Short descriptive text snippets:
......

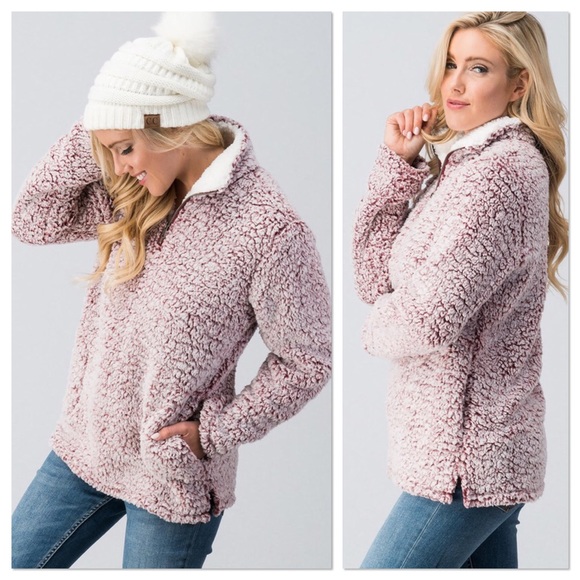 Wine Faux Sherpa Pullover - Picture 3 of 8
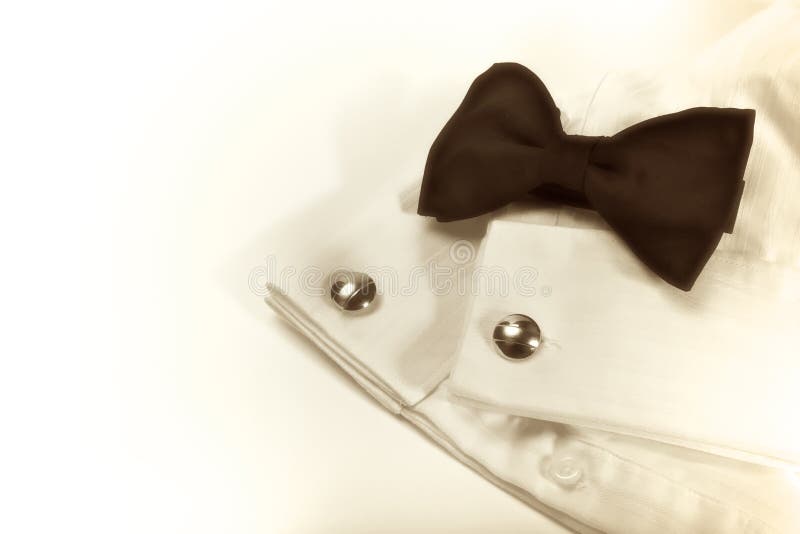 Bow and white shirt with cuff-links, formal function. Bow and white shirt with cuff-links, formal function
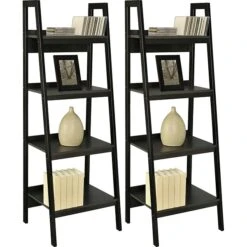DHP Ameriwood Home Lawrence 4 Shelf Ladder Bookcase Bundle, Black 10 DHP Ameriwood Home Lawrence 4 Shelf Ladder Bookcase Bundle, Black -Popular Furniture sp60784369 s7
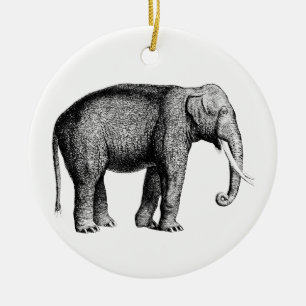 Décoration En Céramique Dessin d'éléphant vintage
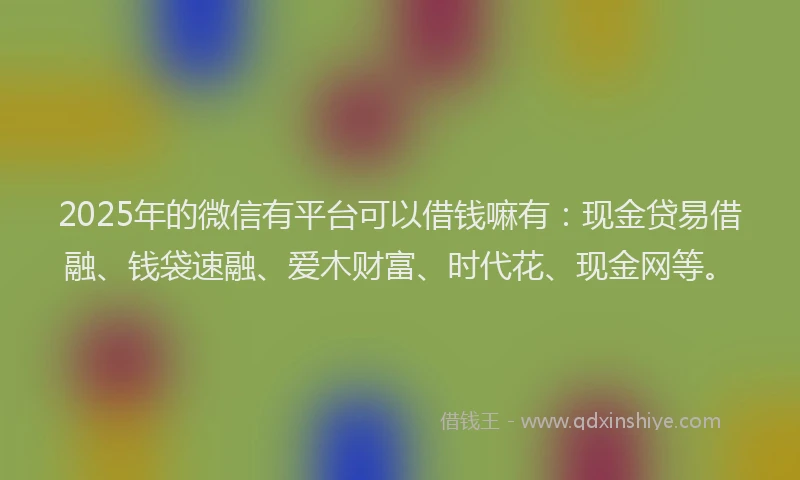 2025年的微信有平台可以借钱嘛有：现金贷易借融、钱袋速融、爱木财富、时代花、现金网等。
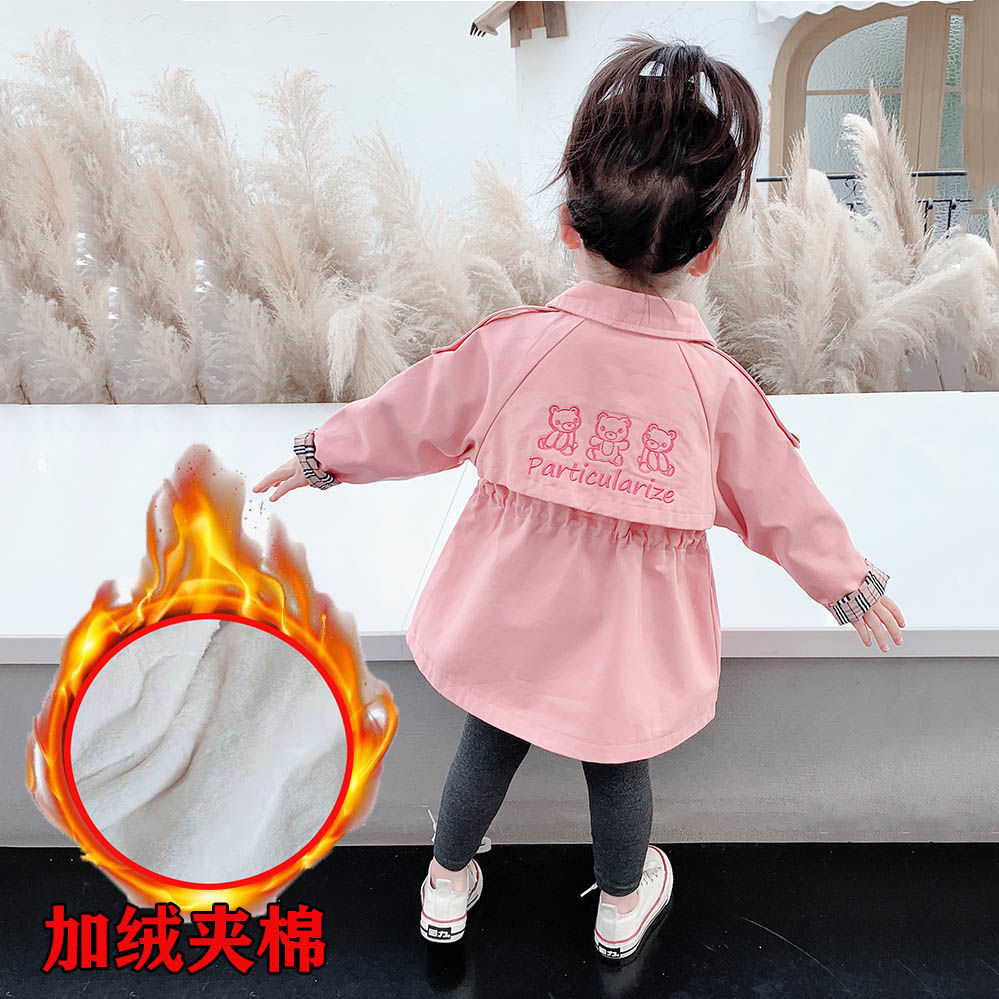 Girls' windbreaker coat 2021 new spring and autumn children's foreign style top children's medium and long clothes girls' autumn clothes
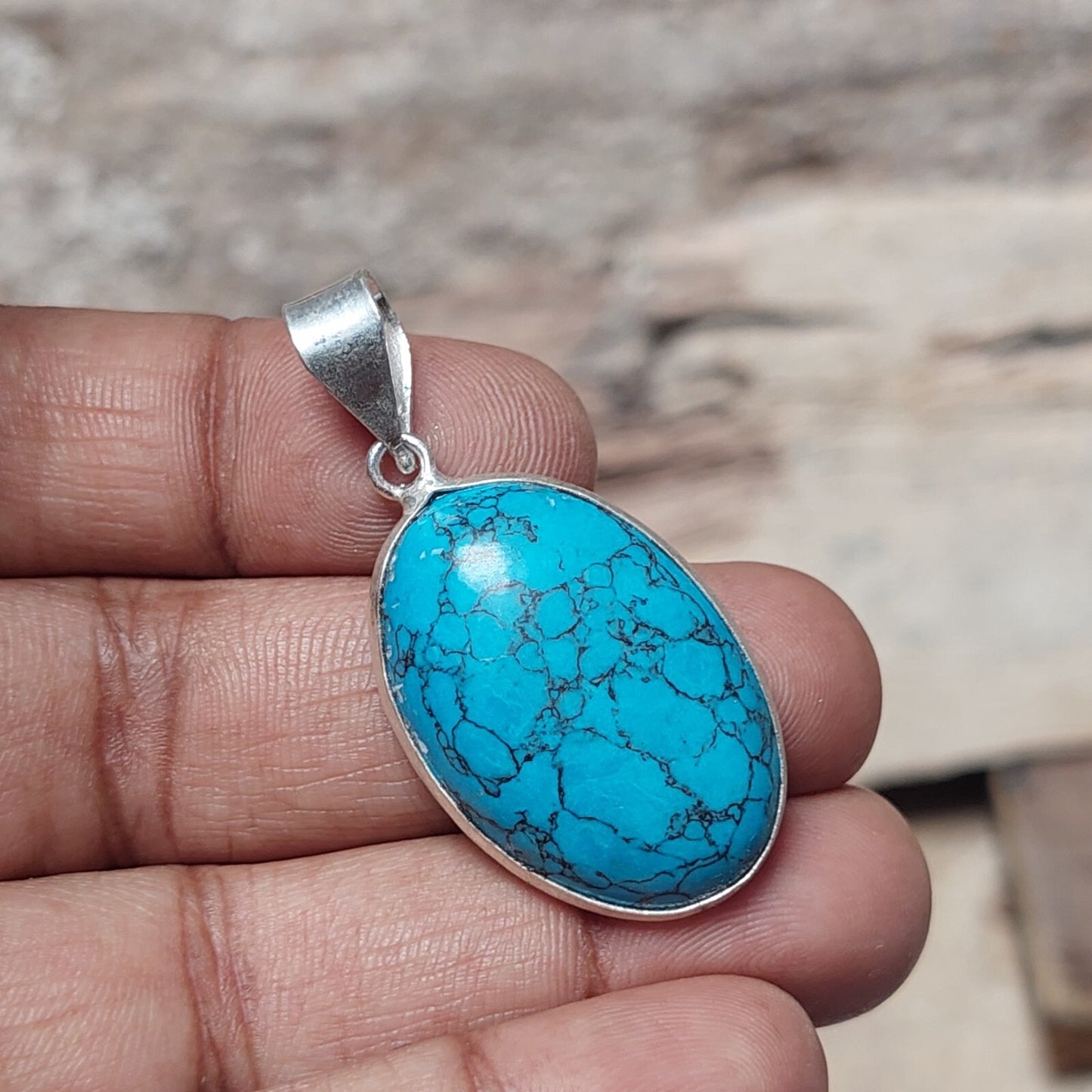925 Sterling Silver Natural Blue Turquoise Pendant Pendant Necklace For Girl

......

■ **Work instruction**
Every record above should come back exactly, but without its pictures.

■ **Finished exercise**
 Wine Faux Sherpa Pullover - Picture 3 of 8
 Bow and white shirt with cuff-links, formal function. Bow and white shirt with cuff-links, formal function
DHP Ameriwood Home Lawrence 4 Shelf Ladder Bookcase Bundle, Black 10 DHP Ameriwood Home Lawrence 4 Shelf Ladder Bookcase Bundle, Black -Popular Furniture sp60784369 s7
 Décoration En Céramique Dessin d'éléphant vintage
 2025年的微信有平台可以借钱嘛有：现金贷易借融、钱袋速融、爱木财富、时代花、现金网等。
 Girls' windbreaker coat 2021 new spring and autumn children's foreign style top children's medium and long clothes girls' autumn clothes
925 Sterling Silver Natural Blue Turquoise Pendant Pendant Necklace For Girl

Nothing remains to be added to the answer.